Exercise brief.
Every line from the one containing "Food & Drinks 4, Orbilux, Bansko" to the end of the data below should be copied exactly, but pictures should not.
── Source records
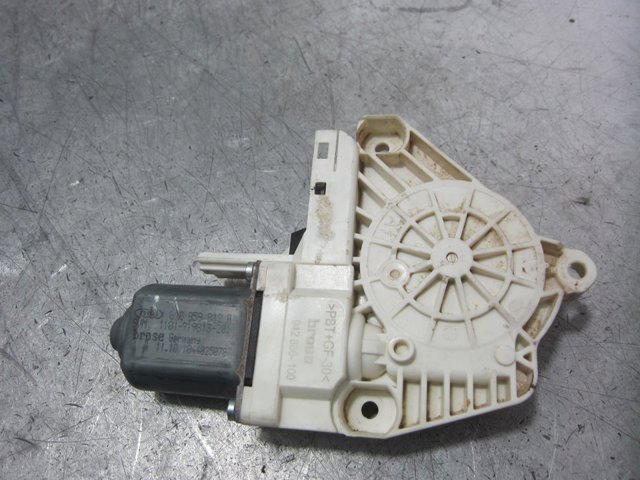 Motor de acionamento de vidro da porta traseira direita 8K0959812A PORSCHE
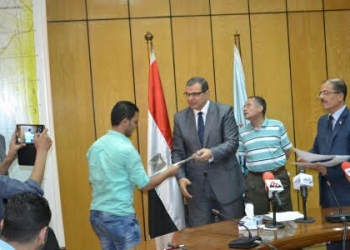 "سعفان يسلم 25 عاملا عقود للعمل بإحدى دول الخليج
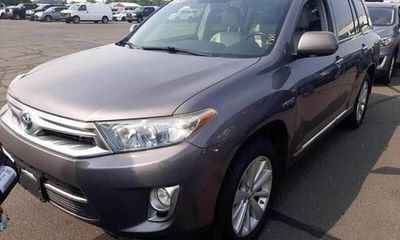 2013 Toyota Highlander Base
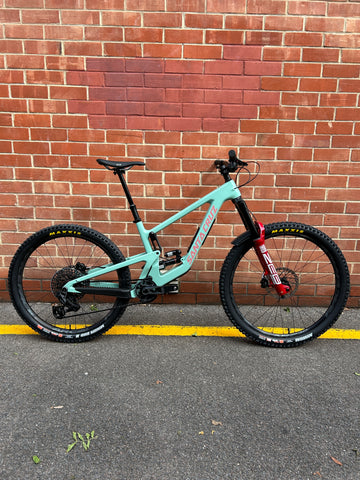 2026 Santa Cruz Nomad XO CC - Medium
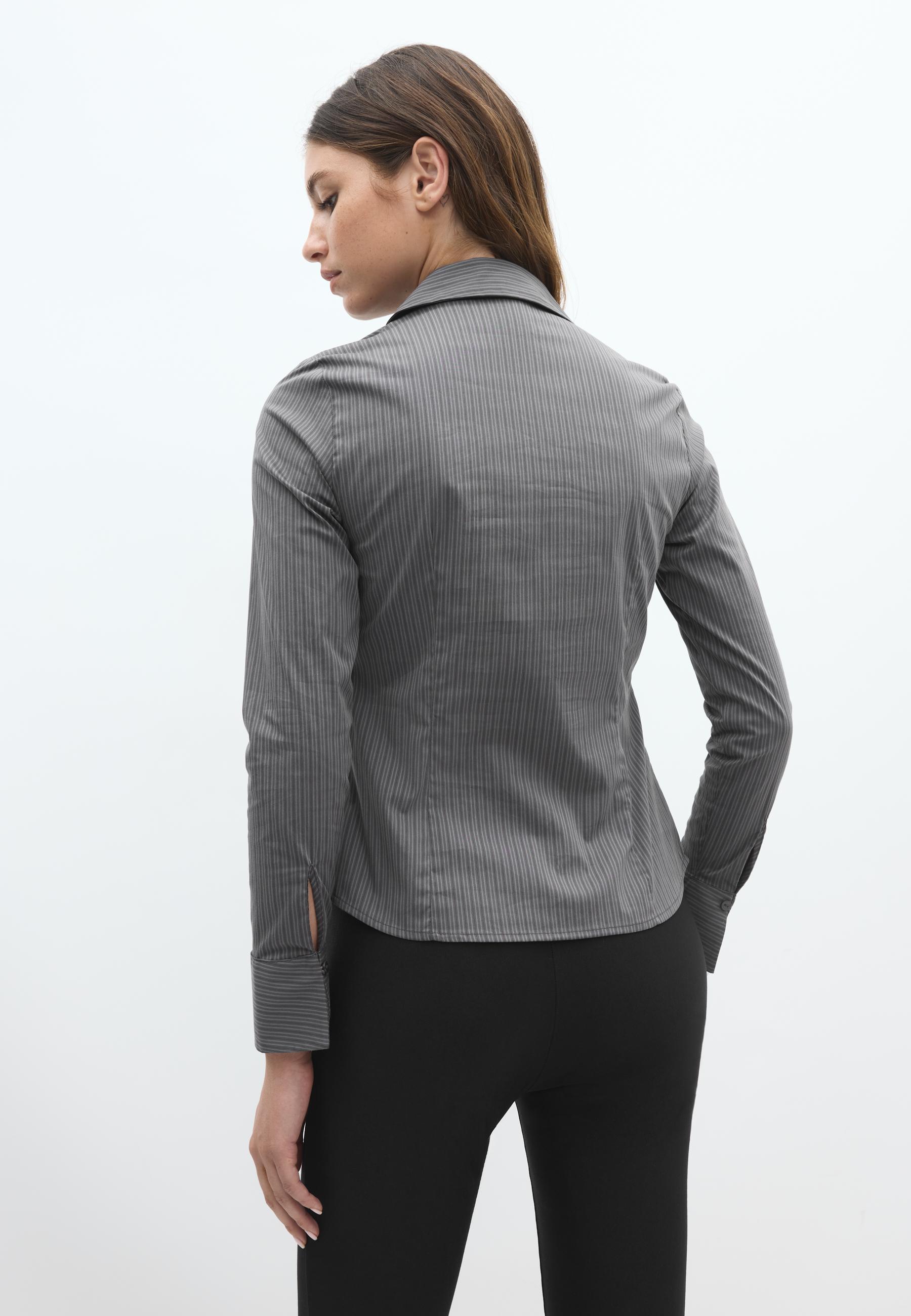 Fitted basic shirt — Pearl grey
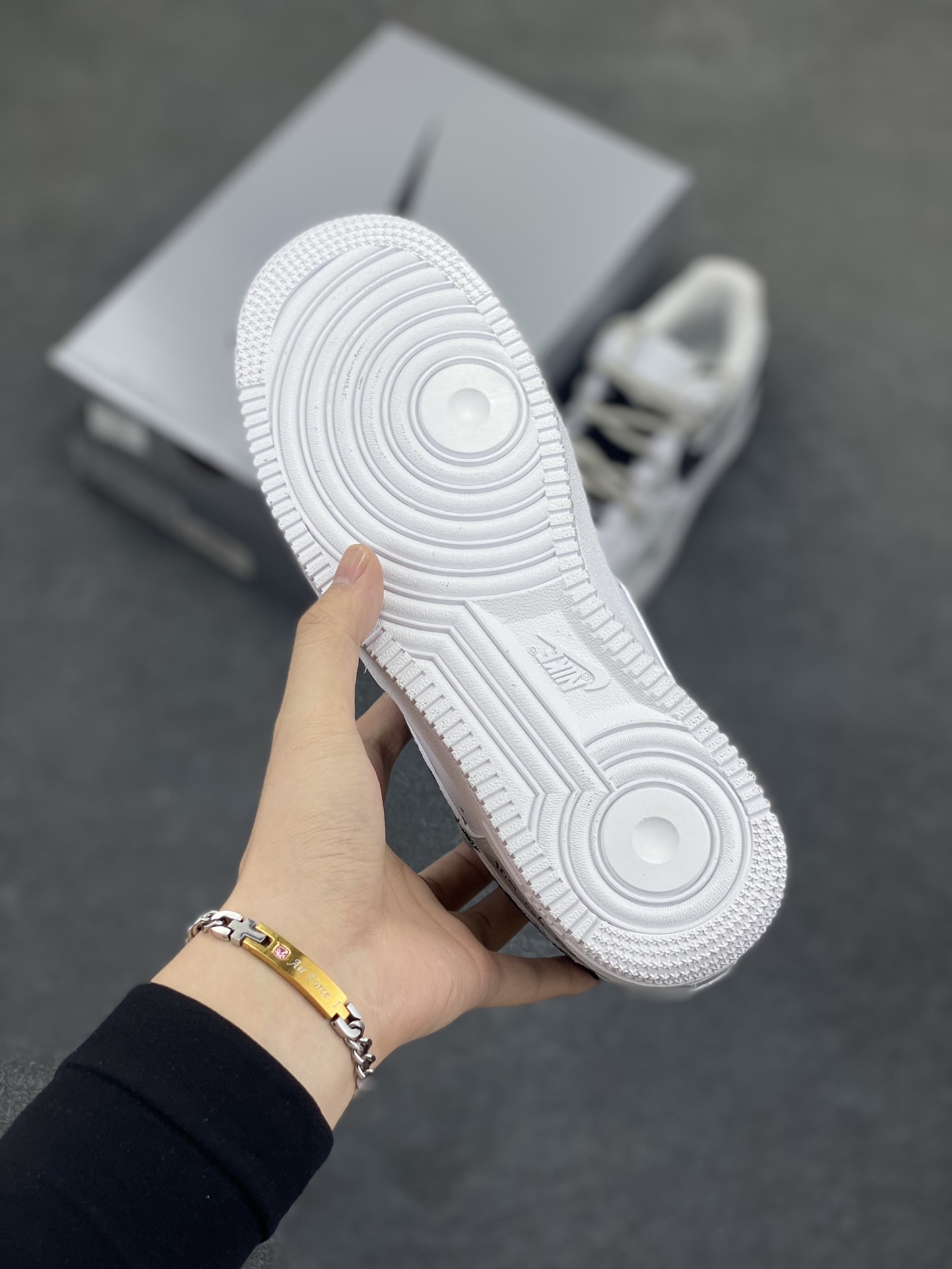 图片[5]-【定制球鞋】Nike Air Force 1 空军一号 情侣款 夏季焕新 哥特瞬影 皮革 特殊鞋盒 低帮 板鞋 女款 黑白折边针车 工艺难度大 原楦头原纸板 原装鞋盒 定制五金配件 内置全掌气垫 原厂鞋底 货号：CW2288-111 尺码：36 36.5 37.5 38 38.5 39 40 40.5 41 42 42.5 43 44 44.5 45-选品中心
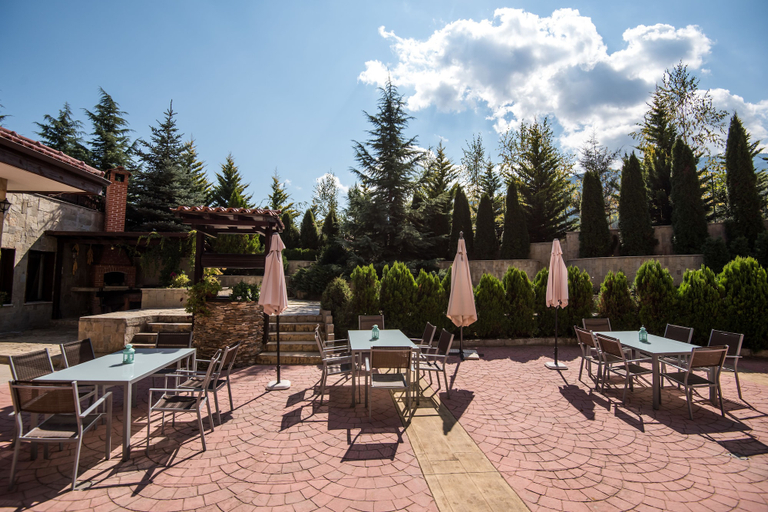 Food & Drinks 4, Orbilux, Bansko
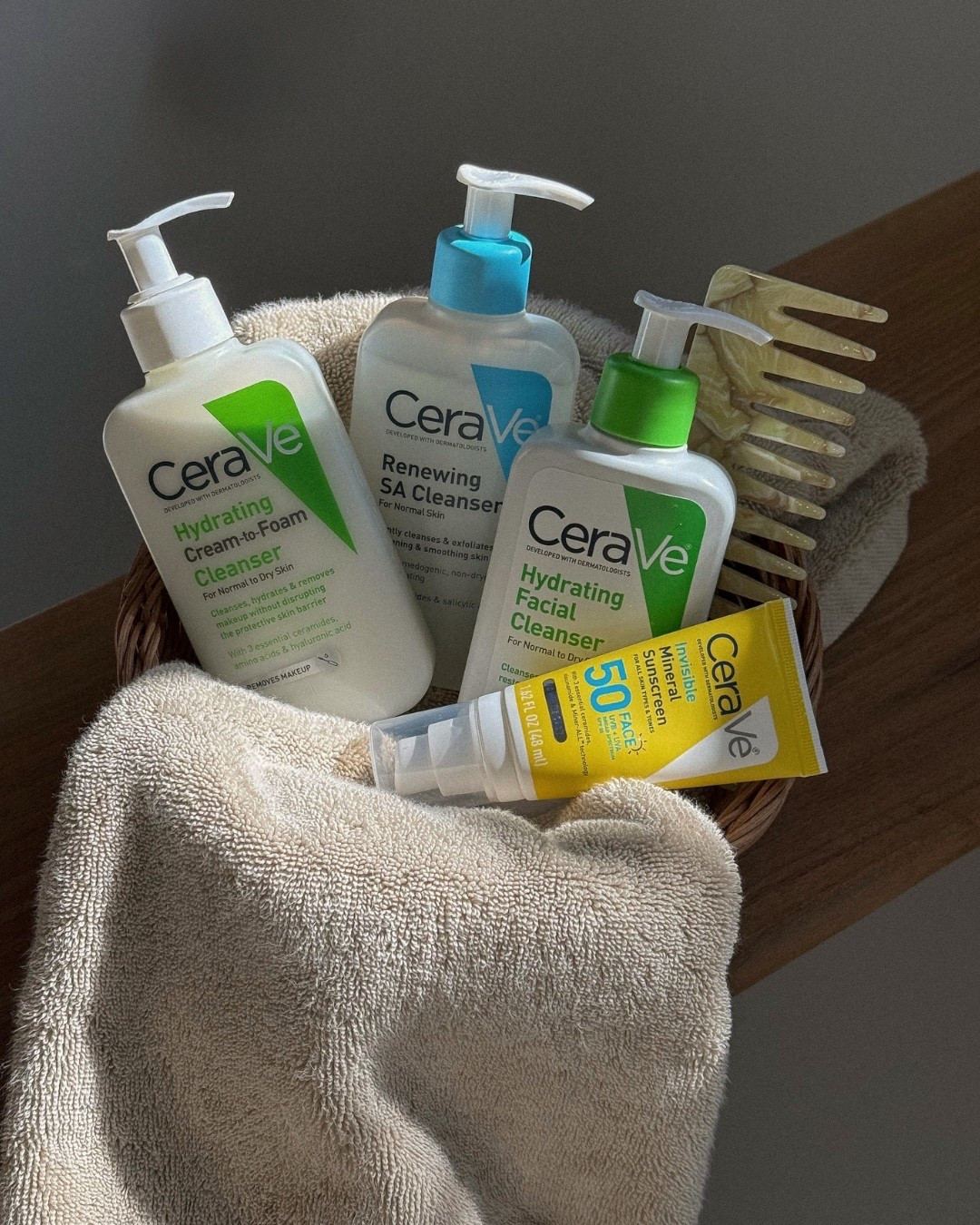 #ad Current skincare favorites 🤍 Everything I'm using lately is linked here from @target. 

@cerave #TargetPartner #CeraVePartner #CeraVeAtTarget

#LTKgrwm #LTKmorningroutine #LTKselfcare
────
Answer space.
 Food & Drinks 4, Orbilux, Bansko
 #ad Current skincare favorites 🤍 Everything I'm using lately is linked here from @target. 

@cerave #TargetPartner #CeraVePartner #CeraVeAtTarget

#LTKgrwm #LTKmorningroutine #LTKselfcare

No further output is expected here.